How we learned to stop worrying and hate the cookie
We have a confession to make. We're glad that cookies are being obliterated from the internet.There, we said it — and we don't care who knows it! (Strictly speaking, that's not true. We want you to know it. Hence, why we're publishing this article.)
More importantly, you (the marketing and advertising professionals reading this) should be happy as well. In particular, third party cookies are not the single, solitary, and incontrovertible tool for engaging with your members/donors/attendees/prospects that Big Cookie™ would have you believe.
Cookies were intended to be a minor aspect of the HTTP Standard, initially introduced in a Netscape beta in 1994. They were so minor that they didn't even merit a mention or discussion in the Usenet post announcing that Netscape release. Their initial duty - which first-party cookies still perform - was to store arbitrary and simple pieces of data on the client (browser).
As envisioned in 1994, that simple data could be used to make the internet more convenient, e.g. helping the server remember what page you were looking at, whether you had logged in or not, the last time you visited, etc. Notably, marketing, advertising, and communication were not in the vicinity of any imagined use cases.
Initially, the creative flourish of using cookies to store unique identifiers for analytics and advertising was just that - a clever solution that enabled a novel opportunity. And, like all things invented pre-2007, humanity gorged on its own cleverness until its stomach hurt and needed to collectively puke.
Cookies are (and have always been) a woefully inadequate way to enable marketing and advertising on the internet. They were never intended to handle that kind of data. They fail at even the basics of security, portability, and transparency, not to mention our developed considerations around privacy and personal choice in advertising. The lone appearance of "advertising" in the most recent (2011) update of the reference document for HTTP State Management Mechanism is not a glowing endorsement:
Cookies are not inherently evil. They are a 1994 solution that is facing a 2021 set of challenges. When the fateful day comes, and the cookie casket is lowered into its technological grave, we will pay our respects. Like Icarus before it, the cookie merely took a byte bigger than it could chew. (Get it...? Byte ...like bite, but funnier!)
But doesn't the end of third-party cookies mean the end of advertising — and Feathr?!
Oh, my sweet summer child. Google, Facebook, Apple, etc., have no intention of suiciding their multi-trillion dollar businesses. The push for replacing third-party cookies with more effective, performant, and valuable identifiers has been underway for years. Google, et al. are attempting to carve out as much proprietary control of the next generation of personalized marketing as they can. Google/Chrome's recent announcement's key points are not very thinly veiled. They want to ensure that their preferred solutions are the dominant ones. From their own blog post, emphasis added:
"Even so, we continue to get questions about whether Google will join others in the ad tech industry who plan to replace third-party cookies with alternative user-level identifiers.

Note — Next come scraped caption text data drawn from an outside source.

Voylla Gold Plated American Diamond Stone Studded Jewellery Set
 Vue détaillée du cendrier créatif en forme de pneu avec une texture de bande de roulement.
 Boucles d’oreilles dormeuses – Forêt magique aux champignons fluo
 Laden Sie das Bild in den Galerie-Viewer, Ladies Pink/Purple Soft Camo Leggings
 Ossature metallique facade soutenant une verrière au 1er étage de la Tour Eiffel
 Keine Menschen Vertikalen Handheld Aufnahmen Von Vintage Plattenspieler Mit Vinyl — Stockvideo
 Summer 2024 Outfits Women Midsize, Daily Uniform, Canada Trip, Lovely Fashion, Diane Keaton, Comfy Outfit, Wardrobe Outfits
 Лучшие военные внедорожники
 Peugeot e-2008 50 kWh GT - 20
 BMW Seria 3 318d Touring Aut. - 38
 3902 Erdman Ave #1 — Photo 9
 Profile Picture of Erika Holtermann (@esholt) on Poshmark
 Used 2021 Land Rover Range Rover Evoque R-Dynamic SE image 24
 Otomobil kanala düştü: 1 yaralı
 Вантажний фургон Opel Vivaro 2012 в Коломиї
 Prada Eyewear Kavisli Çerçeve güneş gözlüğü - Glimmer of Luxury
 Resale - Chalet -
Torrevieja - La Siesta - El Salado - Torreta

We realize this means other providers may offer a level of user identity for ad tracking across the web that we will not — like PII graphs based on people's email addresses. We don't believe these solutions will meet rising consumer expectations for privacy, ...
Developing strong relationships with customers has always been critical for brands to build a successful business, and this becomes even more vital in a privacy-first world. We will continue to support first-party relationships on our ad platforms for partners, in which they have direct connections with their own customers."
My favorite comment comes from an analysis of the blog post rather than the post itself. From the Electronic Frontier Foundation:
"Google is leading the charge to replace third-party cookies with a new suite of technologies to target ads on the Web. And some of its proposals show that it hasn't learned the right lessons from the ongoing backlash to the surveillance business model."
Overly cynical and paranoid? Yes. Correct? Also, yes.
There are several competing projects and proposals for "replacing" third-party cookies as we stand right now. Not surprisingly, each comes with its own complex web of inter-corporate politics.
- Google mentioned two of their privacy and advertising-related initiatives in that very same blog post. Privacy Sandbox and Federated Learning of Cohorts (FLoC).
- Several of the largest Ad Exchanges and Publishing platforms in the world have partnered on Unified ID 2.0, which is intended to be a more transparent but equally transportable replacement for third-party cookies that pivots off of email addresses. (i.e., they don't want Google, Facebook, or Apple to have control of a proprietary solution).
- The Webkit team (Apple's equivalent of the Chrome team) proposes a novel web API for Ad Conversion Attribution that would enable individualized conversion measurement — but without identifying that individual.
There shouldn't be much risk of confusion about these companies' goals. They intend to continue providing marketers and advertisers ways to meaningfully engage with people online based on their characteristics and behaviors. If done correctly, there is ample opportunity to improve on both the control over privacy and marketing effectiveness in the coming years.
Ultimately, the questions and considerations that matter the most to Feathr are around how we make this transition seamless and productive to the people who matter most to us - our customers. Our role has always been and will remain to ensure that complicated technical and legal frameworks are not a burden on your organization's goals. We will continue building the features and integrations necessary to hit your goals, grow your organizations, and serve your audiences.